Rachel Pike, one of the 2006/2007 PricewaterhouseCoopers Dame Malvina Major Emerging Artists programme run by the NBR New Zealand Opera interviewed on “the Sunday grill” when asked to complete the sentence New Zealand needs more……….
added
Straight, attractive, tattooed, single men who would like to date me.


Kim Knight in her review of Liquidity Dining in Lounge
(located at 128 Oxford Street, Christchurch) in describing the dessert had this to say:
“The tirasamu is declared more Caroline Bay than Lake Como………”


Three excerpts from Steve Braunias in his entertaining piece “clouding over”:

I bowled along to numerous literary events during my wanderings around England last year. One night in London, in the penthouse suite of New Zealand House, I attended the launch for
CK Stead’s novel, “My Name Was Judas”. A fat man whose name was Jonathan Hunt greeted everyone at the door; it was very formal – suits and champagne, oysters and a coatroom, Alan Hollinghurst and Roger Donaldson, an amAzing view over the Thames.

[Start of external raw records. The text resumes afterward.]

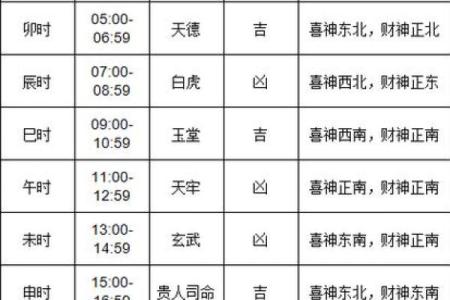 2024年1月13日老黄历，吉日查询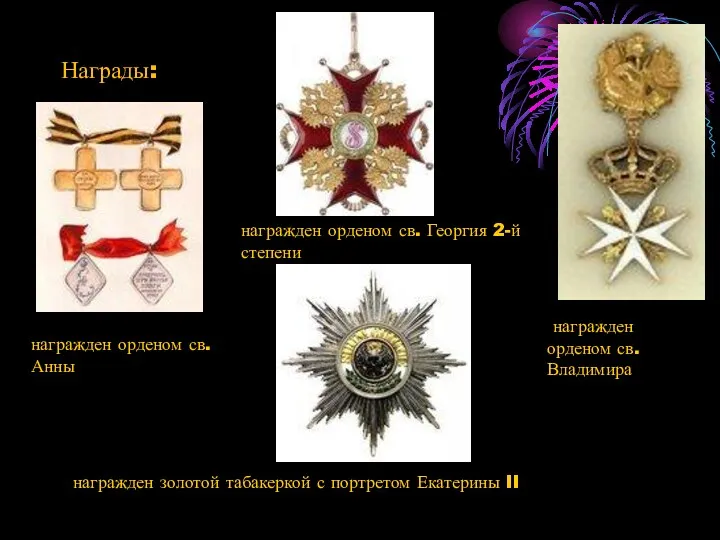 Награды: награжден орденом св. Анны награжден орденом св. Георгия 2-й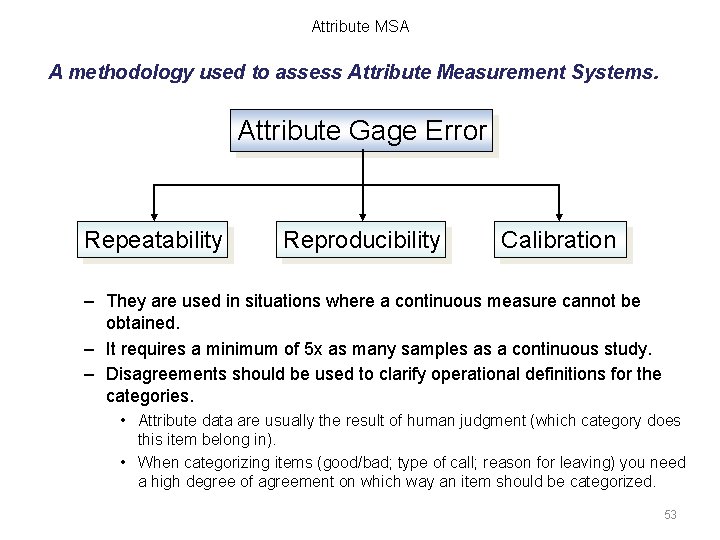 Attribute MSA A methodology used to assess Attribute Measurement Systems. Attribute Gage Error Repeatability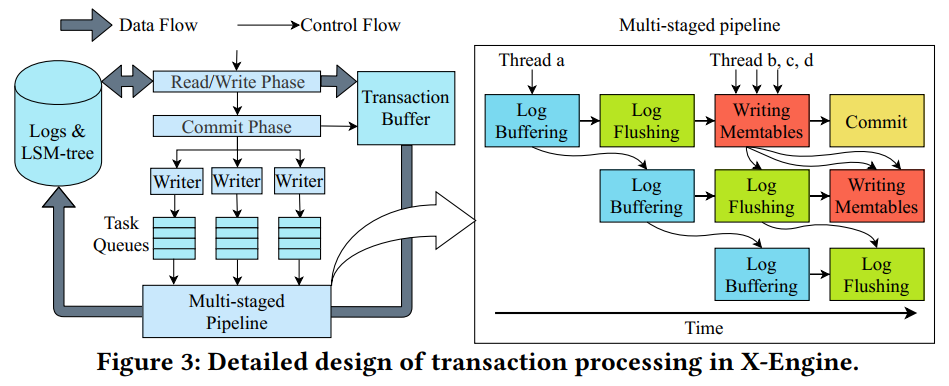 X Configuration Engine X-Engine: An Optimized Storage Engine for Large-scale E-commerce ...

See for yourself by banging in Cloud Appreciation Society on Google. And then have a look at all the fantastic photographs of clouds taken in New Zealand. A sunset in Napier by Felix Minde, a jet-stream cirrus in Katikati by Bryan Chudleigh, the famous Nor’West Arch in Canterbury by Peter Rees.

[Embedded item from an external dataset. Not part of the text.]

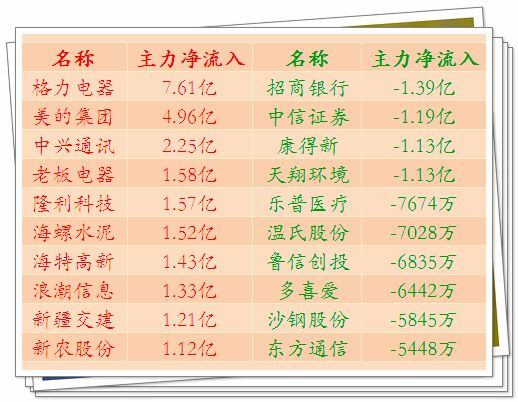 今期高清跑狗玄机图，揭秘背后的技术与趋势今期高清跑狗玄机图图解综合资料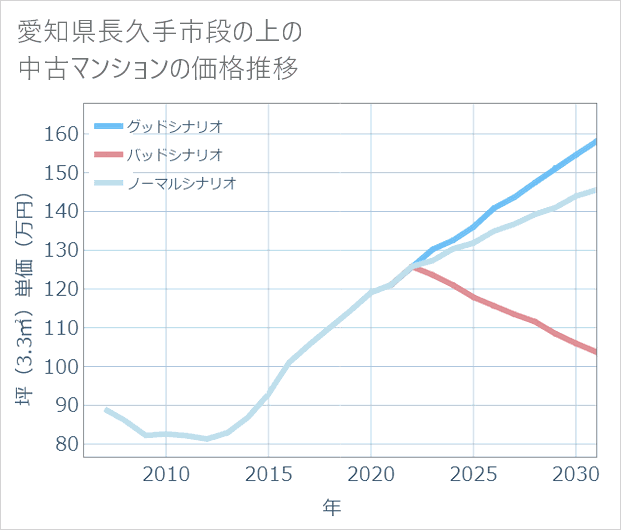 愛知県長久手市段の上の中古マンション価格推移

But where are the best clouds at sunrise? Are they in Gisborne, the first to see the sun? Where are the best clouds at sunset? The best cumuls clouds, cirrus clouds, nimbus clouds, and all the rest?
Any keen observers – writers, photographers, artists – of clouds are more than welcome to reply to the e-mail address below, with their evocations of clouds across and over New Zealand. A display would look good in this magazine.
Stephen.b@star-times.co.nz

Finally from the SST just a mention of their commitment to book reviewing amply illustrated yesterday by Iain Sharp’s longish backgrounder and interview with Conn Iggulden, author of The Dangerous Book for Boys (Harper Collins), one of the biggest selling books in NZ this past Christmas, and reviews on three books about the Israel-Palestine problem which originally appeared in the Guardian.



HERALD ON SUNDAY


“Top-end real estate agent Graham Wall said the price of prime New Zealand was ‘about to explode’. Every single piece of coastline and harbourside in NZ is massively undervalued. New Zealand is the only place on earth that is advantaged by the global phenomena that is disadvantaging the rest of the world. Things like pollution and overcrowding means isolation works for us.
He predicted that prime properties in places like the Bay of Islands, Hawkes Bay and Queenstown, and waterfront properties around Auckland were about to enjoy “an explosion in value", simply because NZ’s time has come.


A beaver has been spotted in New York City for the first time in more than 200 years. A North American beaver has been photographed in the Bronx River, a once-filthy waterway that runs through the Bronx Zoo.